NPR’s list of Top 100 SciFi/Fantasy titles, which is shamefully lacking women and people of color. To balance it out I traced back through the Russ Pledge posts that started this summer, like Taking the Russ pledge and A shocking UK sf ‘favourites’ score: men 500, women 18 on Ask Nicola, MIND MELD: What’s The Importance of ‘The Russ Pledge’ For Science Fiction Today? on SF Signal and Taking the Russ Pledge on Wis[s]e Words. The Angry Black Woman asked for scifi by people of color in the comments to her post Mindblowing Science Fiction by POC and I know I’ve seen lists elsewhere, but a quick google search didn’t help me that much.
So then I moved on to Sniffing Dirty Laundry: A True Story from “the Help’s” Daughter by Bernestine Singley. She recounts her reaction to the white woman who called her to gush about how much she loved her black maid, the author’s mother. Fabulous post about how in this so-called “post-racial” society stories like The Help are used to perpetrate racism and revisionist myths about the South and white people — with continuing impact on black people and all of us today. And, rare thing in the blogoverse, the comments are as insightful as the original post and create dialogue. (via @JustineLavaworm on twitter). And for good measure I read “Growing Up Oblivious,” by Barbara Beckwith on the same blog, about a white woman whose family employed a black maid when she was little, and revisiting those memories as an adult who finally becomes aware of the white privilege of her life. All of which will give me way too much to fight about during my sojourn in white suburbia this weekend with my family.

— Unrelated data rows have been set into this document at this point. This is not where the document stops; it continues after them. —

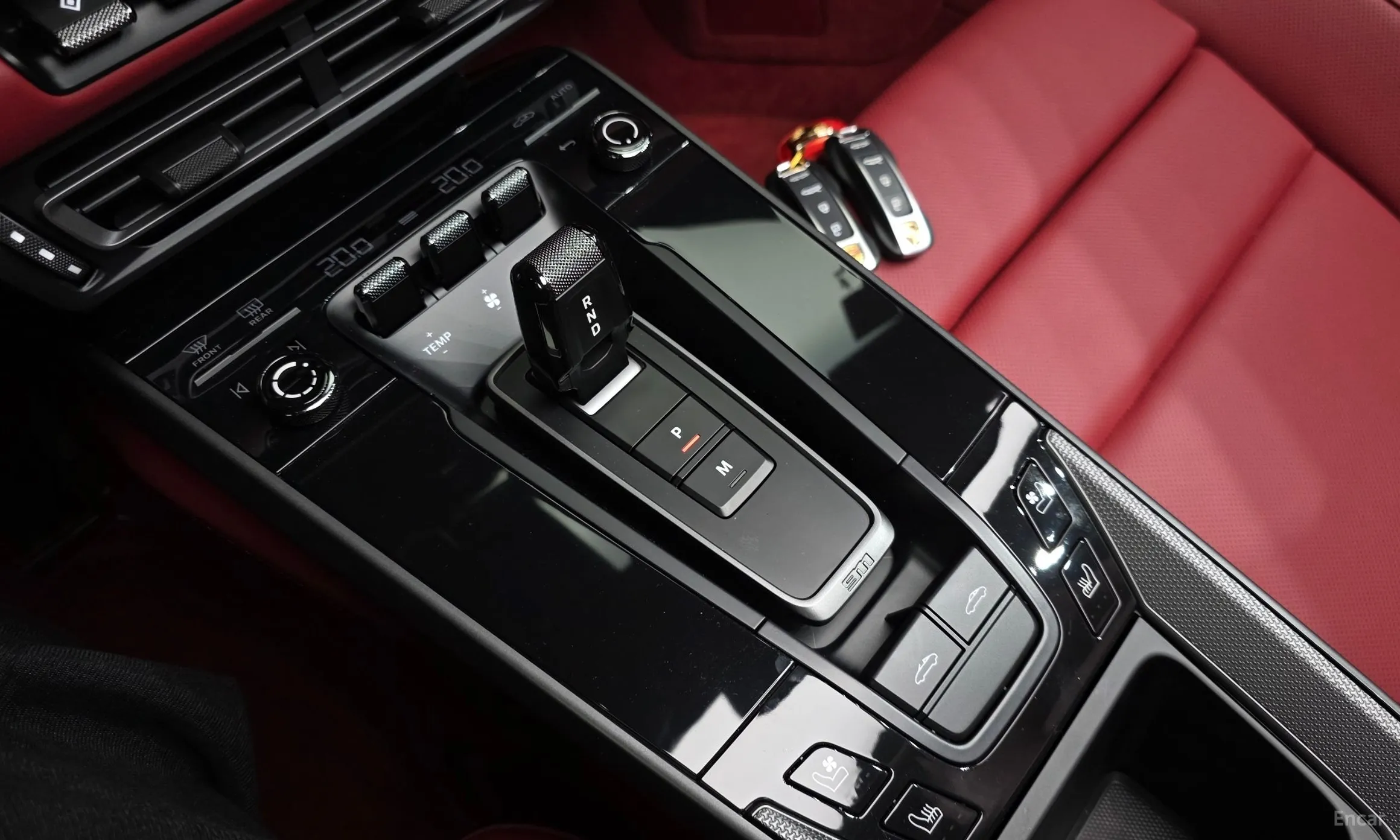 Porsche 911 (992) превью 9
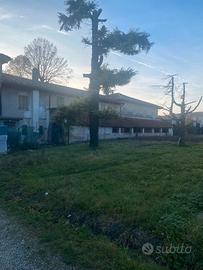 Azzano 4 appartamenti euro 257.000,00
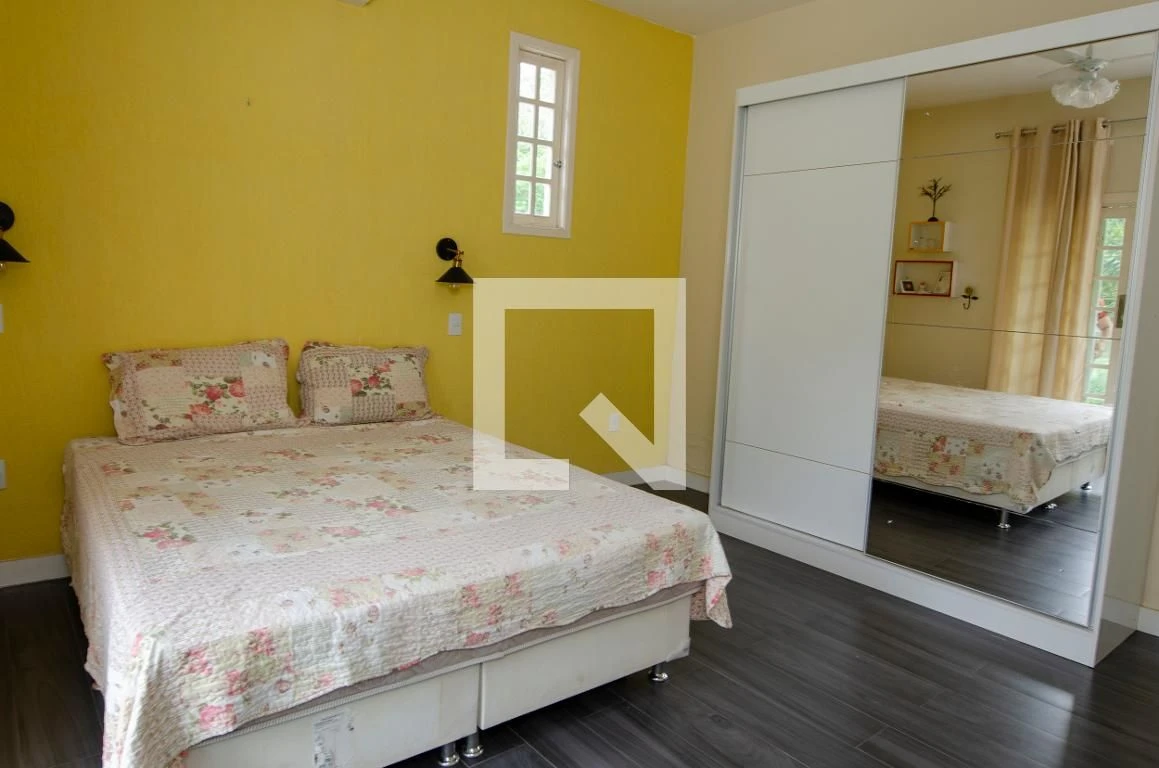 Casa mobiliada com 4 dormitórios e área de lavanderia — photo 44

But first of all a fascinating look at current thought on the past of homo sapiens, Homo Sapiens, Meet Your New Astounding Family on Discover Magazine:
A single, unforgettable image comes to mind when we ponder human origins: a crouching ape slowly standing and morphing into a tall, erect human male poised to conquer every bit of habitable land on this planet….But that ascent-of-man picture is looking as dated as the flat earth. A series of scientific and technological breakthroughs have altered much of our fundamental understanding of human evolution.